His loving hands rest on his son's shoulder as his eyes are raised in thanksgiving to heaven. The son's robe is in tatters, his sandals worn out, but the important thing is he had the good sense to come home. And he was able to walk home because he knew that his father loved him. It is that father's love that drew the son away from a dissolute life and complete breakdown, all the way home, to a place of love and of new life.
It is no coincidence the title given to the priest in charge of a parish is pastor and father. These are blessed titles, but more so they are a pastoral program in themselves. The flock of the Lord needs a pastor to care for it. The apostles trained by Jesus with Peter at their head are the prime model of the good shepherds caring for the Lord's flock - that is, all of us.
Who is the good shepherd? He/she is the one who cares about the lost one, who reaches out with compassion, one who is all about caring for the flock. The obvious protagonist of the good shepherd has got to be primarily your pastor and your bishop. But also in a real way, the good shepherds are also the teachers and most importantly, the parents whose flock are their own children.
The true shepherd is the one who cares about the lost one and who reaches out with compassion, caring profoundly for the flock in his or her care. The shepherd prays for the flock, worries about them and takes the first step, reaching out concretely. One needs to care for the lost one as one cares for his/her own child. We all need to live out the call to be the good shepherd, going out of our way with dedication and love.
As a pastor for eight of my 40 years of priestly ministry, I had the most enriching and fascinating experiences. I was named to care for three small indigenous communities in the Grouard-McLennan Archdiocese in northern Alberta. The first two nights I was there "they" emptied my gas tank. It was a strong signal that I had to go and find out who were the people of my community.
It was great fun. I thoroughly enjoyed visiting people and furthermore the people seemed to enjoy it as much as I did. Visiting became like a need I felt. As a result, I had a long list of children that parents had neglected to have baptized. We eventually looked into formalizing relationships of couples who had put off having their marriage blessed.
Eventually we invited the bishop to come and confirm a good list of people, young and not so young. We also invited people to gather on Fridays for an evening of singing and sharing stories as well as sharing cookies and coffee. People of all ages were there for two or three hours. As a result, we built a sense of belonging, of being family. Yes, and being Church as well!
In visiting homes, some subtle realities were imparted: that people were important and that we cared for them, that we even worried about them. At the end of every visit, we took time to pray about all the concerns that surfaced during the visit. We gave thanks for all the good things happening in the family - for dad's job, for mom's health, for the children's various needs or concerns mentioned during the visit.
Bless this houseWe blessed the home, a powerful symbol of the blessing of the inner self. We also prayed for the elderly and the sick and offered them the sacraments including Reconciliation, the Sacrament of the Sick and Holy Communion.

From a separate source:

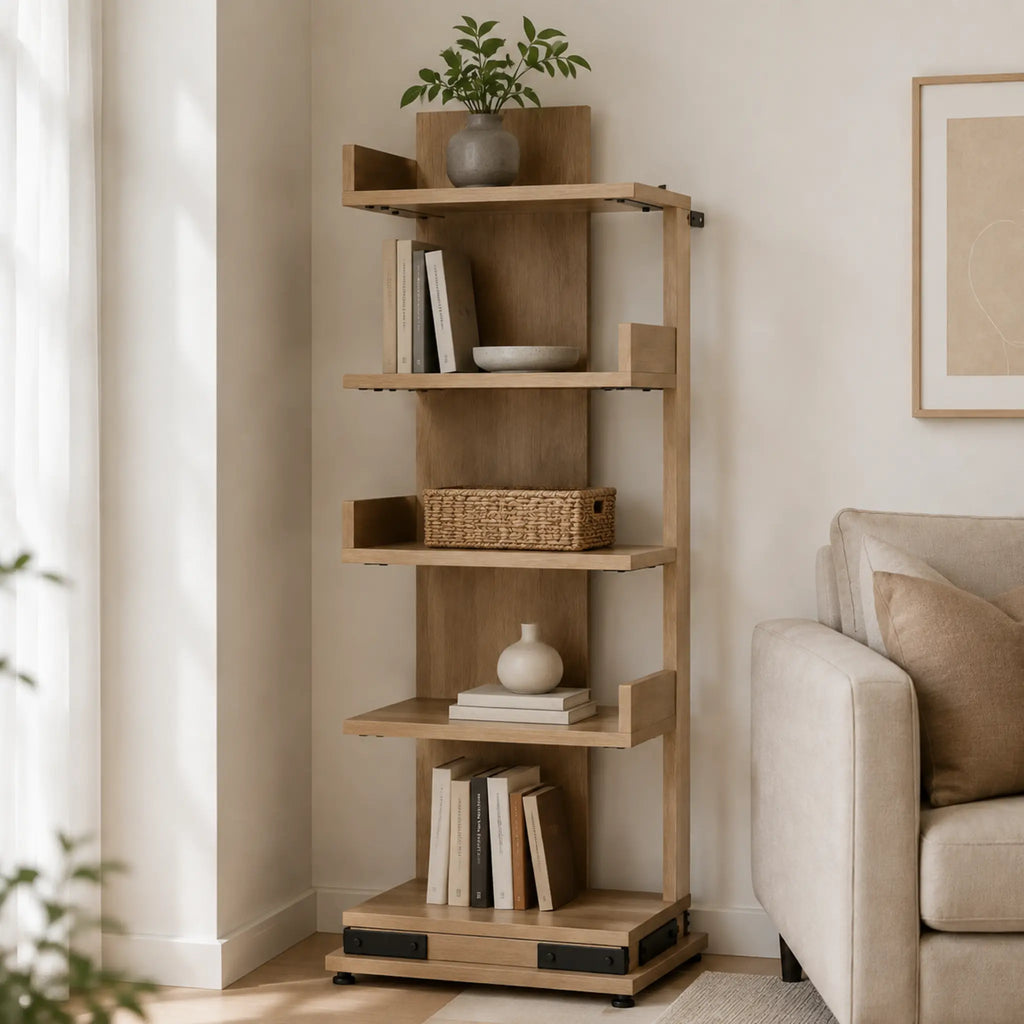 Offset Spine Narrow Multipurpose Bookshelf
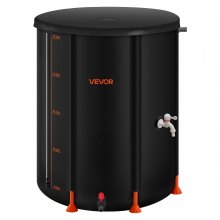 VEVOR Opvouwbare regenton, 201 L draagbare regenton, regenwatertank, 1000D PVC regenwateropvangsysteem, watertank, regenwaterton met kraan en overloopset, zwart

The first Sunday I was there, perhaps 12 people showed up at Mass. After a few months a congregation of less than 60 people was a small crowd. Eventually we approached a congregation of 100. In a community of 250 people that was not bad.
Eventually I left Grouard. I admit I found myself shedding a few tears at the thought of leaving my flock. But then God had another flock in mind for me. I had no fear to take on this new responsibility for I knew from experience that the Good Shepherd would be doing most of the work in any event.